Derivatization and GC-MS and GC-C-IRMS analyses.   Enrichments of glucose labeled with deuterium and ¹³C were measured by GC-MS and gas chromatography combustion isotope ratio mass spectrometry (GC-C-IRMS), respectively, using the pentaacetate derivative (1). A volume of 25 µl of each standard and deproteinized plasma samples (deproteinized with 100 µl of cold acetone) were aliquoted into 4-ml vials and taken to dryness under nitrogen at room temperature. Fifty microliters of acetic anhydride/pyridine (2:1) were added to each sample, after which the samples were heated to 60°C for 10 min or allowed to sit overnight at room temperature. The samples were then dried under nitrogen at room temperature, reconstituted in 50 µl of ethyl acetate, and transferred to autosampler vials. The derivatized standards and samples were analyzed by GC-MS (GC 6890, MS 5973N; Agilent Technologies, Wilmington, DE) with an RTX-1701 column (30 m x 0.25 mm ID x 0.5 µm film; Restek, Bellefonte, PA). The GC conditions were as follows: injector, 250°C (splitless injection); oven, initially 70°C for 1.0 min; and ramp, 30°C/min to 275°C for 7 min. The positive chemical ionization mode of GC-MS (source at 250°C, quadrupole at 106°C) used methane as the reagent gas. Deuterium enrichment in plasma water was measured by IRMS (Delta⁺XL IRMS Thermo Finnigan, Bremen, Germany) as an average of multiple measurements.

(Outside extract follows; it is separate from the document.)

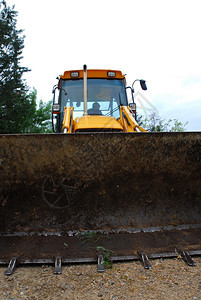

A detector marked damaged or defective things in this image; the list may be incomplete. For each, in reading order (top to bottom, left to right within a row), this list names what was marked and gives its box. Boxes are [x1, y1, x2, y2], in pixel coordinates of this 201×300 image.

rusty metal surface [0, 132, 201, 262]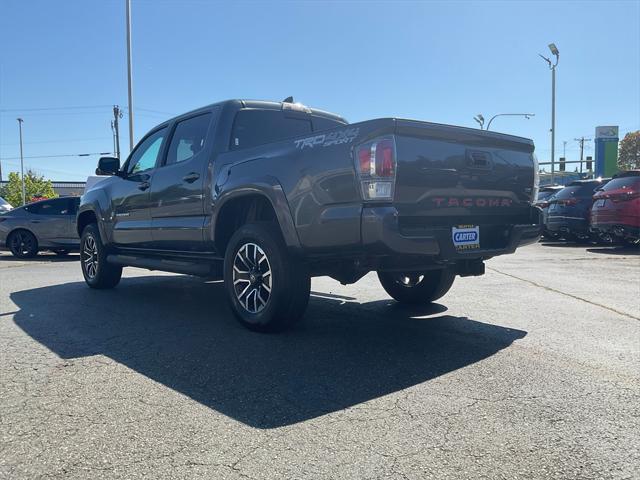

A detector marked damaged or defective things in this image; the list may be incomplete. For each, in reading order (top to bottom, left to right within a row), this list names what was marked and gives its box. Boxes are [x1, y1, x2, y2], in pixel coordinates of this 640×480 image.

cracked pavement [0, 246, 636, 478]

Determining the rate of gluconeogenesis requires the use of an additional glucose tracer (to measure glucose appearance rate), which could potentially interfere with the measurement of the deuterium enrichment of glucose. The most commonly used stable isotope glucose tracers to measure plasma glucose appearance rate are [1-¹³C]glucose and [6,6-²H₂]glucose. The [1-¹³C]glucose enrichment can be measured by GC-C-IRMS as previously described (6). This technique provides a measure of enrichment specifically reflecting the ¹³C tracer. Alternatively with the use of [6,6-²H₂]glucose, the M+2 enrichment is measured with either m/z 171/169 or m/z 333/331 in the positive chemical ionization mode during the same run used to measure deuterium labeling from ingested deuterated water or m/z 244/242 in the electron impact ionization mode of GC-MS (6, 15–19). The slopes of standard curves are always used to correct instrument deviations. We have evaluated whether these tracers would interfere with our approach for measuring gluconeogenesis using ²H₂O (see Potential interference of [1-¹³C]glucose or [6,6-²H₂]glucose during glucose appearance rate measurement). In the studies described here, we have used [6,6-²H₂]glucose for the measurement of glucose rate of appearance.

The C-5 HMT method of Landau et al. (10), which was used for method comparison, involves HPLC purification of glucose from other plasma components, conversion of glucose to xylose, HPLC purification of xylose, distillation of formaldehyde, and subsequent derivatization to HMT. The resulting product (HMT) is then analyzed by GC-MS using the fragment m/z 141/140 to measure deuterium incorporation at C-5 of glucose.

Determination of sites of labeling on glucose fragments and measurement of enrichments on the carbons of specific fragments of glucose.   For determination of the deuterium or hydrogen labeling sites on the m/z 169 GC-MS fragment of glucose pentaacetate, specific deuterium-labeled glucose compounds were derivatized and analyzed in the positive chemical ionization scan mode of GC-MS (Fig. 1) with subsequent comparison of the mass spectral data (2). Selective ion monitoring of m/z 170/169 was performed to determine the M+1 enrichment of deuterium in the circulating glucose carbons (C-1,3,4,5,6,6). To measure accurately the deuterium labeling in glucose from ²H₂O, the enrichment of M+1 resulting from the natural abundance was subtracted. The average enrichment of deuterium on a gluconeogenic glucose carbon was then calculated from this M+1 data. Measurement of the enrichment at M+1 gives the deuterium incorporation resulting from the exchange of deuterium from ²H₂O with covalently bonded hydrogens on glucose carbons during the gluconeogenic pathway when no other tracers are infused or ingested.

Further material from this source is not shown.